Segundo Kieling, estudos preliminares em diferentes municípios indicam que flanelinhas que atuam em áreas de grande circulação e costumam mostrar-se agressivos ao abordar os motoristas muitas vezes contam com a proteção do crime organizado. Alguns deles são cobrados para poder atuar em determinadas regiões, e pagam em dinheiro ou cometendo delitos.
Na avaliação do especialista, que atualmente presta consultoria na área da segurança para a prefeitura de Novo Hamburgo, no Vale do Sinos, antes de propor medidas drásticas é necessário realizar um diagnóstico sobre o perfil dos guardadores para identificar quais são aqueles que atuam para o crime. A partir daí, destaca, deve-se pensar um plano de ação interdisciplinar, que contemple também aqueles que dependem da atividade para sustentar suas famílias — o projeto de lei que deve ser enviado à Câmara Municipal não prevê alternativas específicas para os cerca de 1,4 mil vinculados a associações que exercem a atividade na Capital.

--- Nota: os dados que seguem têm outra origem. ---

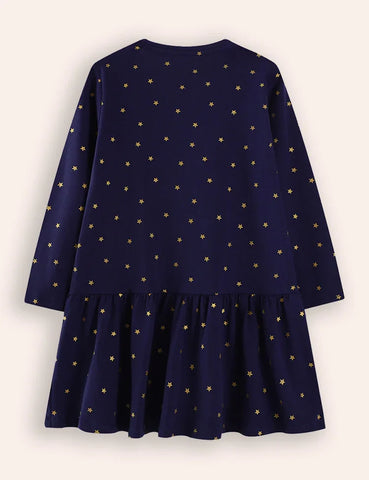 Star Unicorn Applique Long Sleeve Dress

A falta de definições claras sobre o futuro dos atuais flanelinhas também preocupa a pesquisadora do grupo de pesquisa de Violência e Cidadania da UFRGS, Letícia Maria Schabbach. A professora acredita que extinguir uma atividade sem alternativas de renda às pessoas que vivem dela entra em conflito com a atual conjuntura econômica.
— A proibição não vai acabar com esse serviço. Em vez de extinguir, deveriam profissionalizar. Por que não fiscalizar para oferecer um serviço melhor? Poderiam estabelecer um valor fixo para que o motorista tenha a opção de deixar na rua — avalia.

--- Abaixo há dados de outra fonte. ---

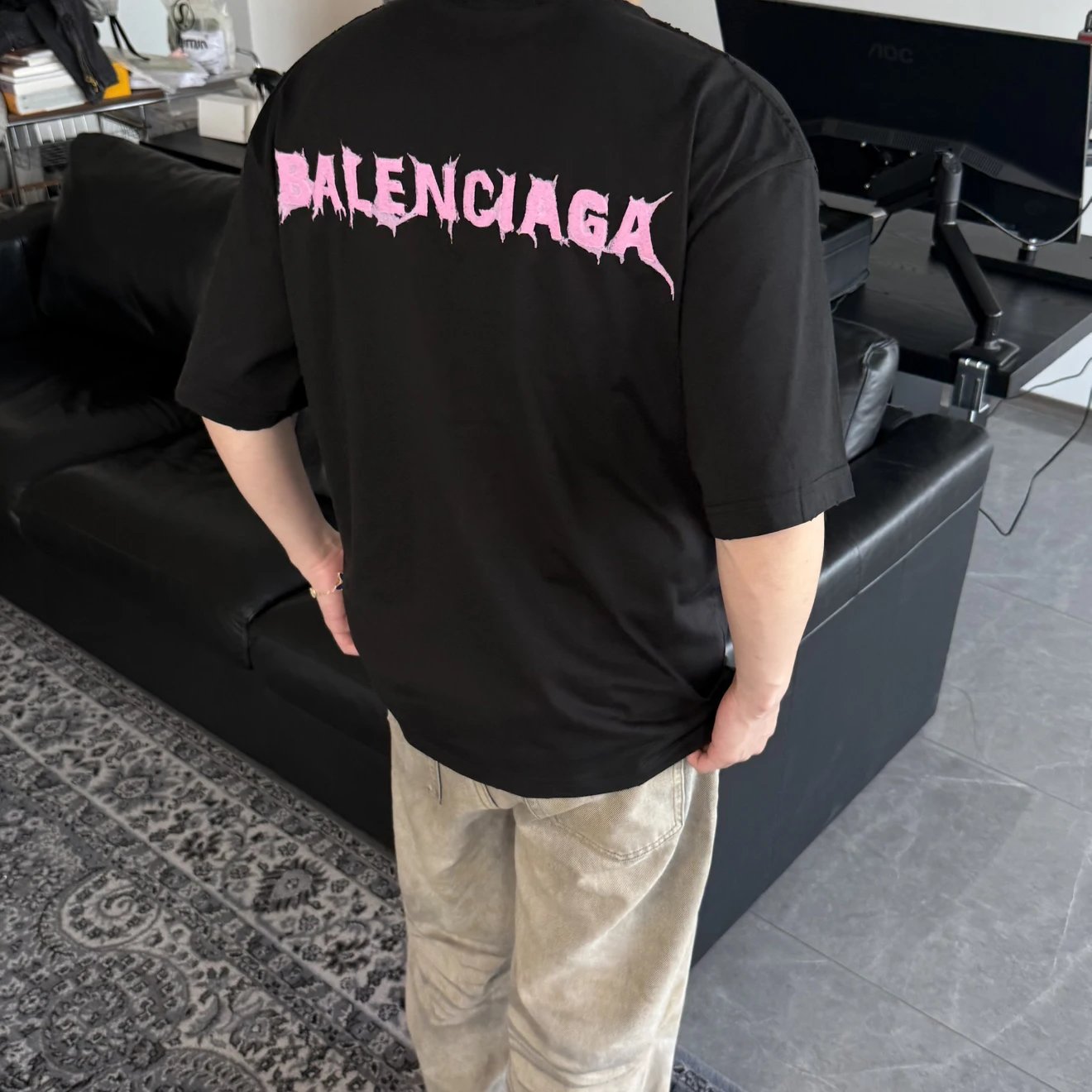 RD-C195 · Pink Letter Embroidery T-Shirt showcase view 6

Os especialistas criticam ainda a iniciativa de aplicar multa a quem for flagrado atuando como flanelinha — o Executivo propõe sanção de R$ 300 que pode dobrar em caso de reincidência. Para o professor da Feevale, a atitude tende a ser inócua, uma vez que pessoas que atuam nessa área, em geral, estão em más condições financeiras.

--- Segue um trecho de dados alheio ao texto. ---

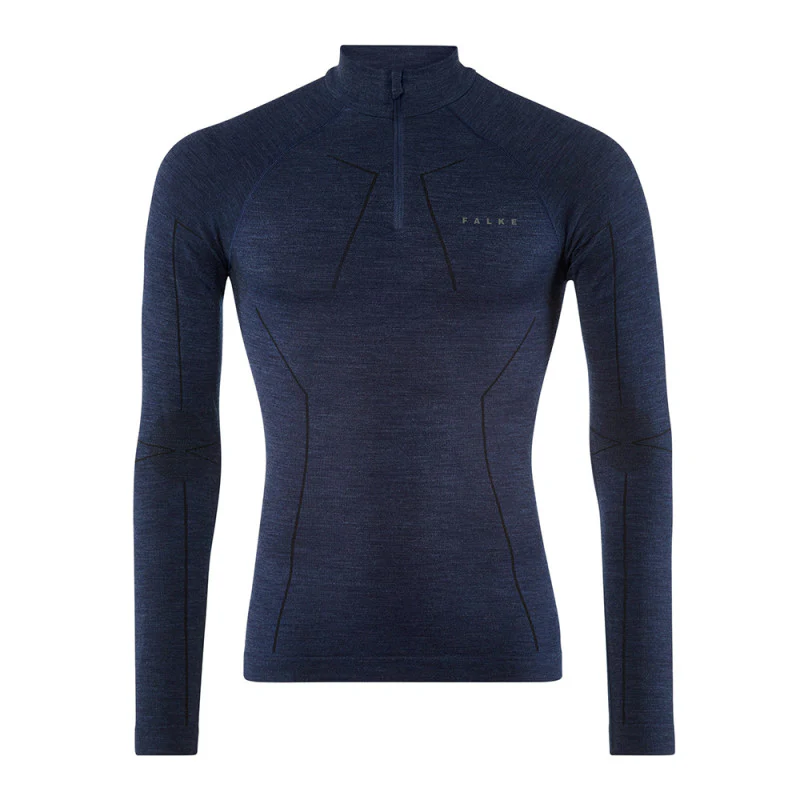 FALKE Thermo Shirt LS Wool Tech Zip Reg Dark Blue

— Aplicar multa é coisa para inglês ver. Não vai ter impacto, porque nunca vão pagar. As pessoas que estão à frente de algumas secretarias atualmente não têm conhecimento científico e tomam esse tipo de decisão no calor do momento, achando que vão resolver. Mas essas ações podem, no futuro, comprometer ainda mais a segurança — diz Kieling.
Segundo o secretário de Segurança, Rafael Oliveira, o projeto de lei que proíbe os flanelinhas na Capital partiu de reuniões do Gabinete de Gestão Integrada Municipal (GGIM), que inclui representantes da prefeitura, das polícias e de órgãos como o Ministério Público, e é "fruto de uma demanda da sociedade". Ele diz que a prefeitura está criando um escritório de fiscalização que deve englobar representantes de diversas secretarias e ficará responsável pelas autuações. O projeto está em fase final de redação e deve ser encaminhado à Câmara Municipal nos próximos dias.